WORK INSTRUCTION
Go through the entries below and print, exactly, the lines starting at the one with "Fossil Men's Brown" and ending at the one with "Japanese Cloisonne Black", keeping both ends and no others.

RECORDS SHOWN

● ● ●

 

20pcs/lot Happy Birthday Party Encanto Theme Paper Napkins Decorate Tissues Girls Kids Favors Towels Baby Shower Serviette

● ● ●

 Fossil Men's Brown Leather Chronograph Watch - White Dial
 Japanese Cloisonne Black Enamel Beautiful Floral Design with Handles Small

● ● ●

ANSWER AREA
 Fossil Men's Brown Leather Chronograph Watch - White Dial
 Japanese Cloisonne Black Enamel Beautiful Floral Design with Handles Small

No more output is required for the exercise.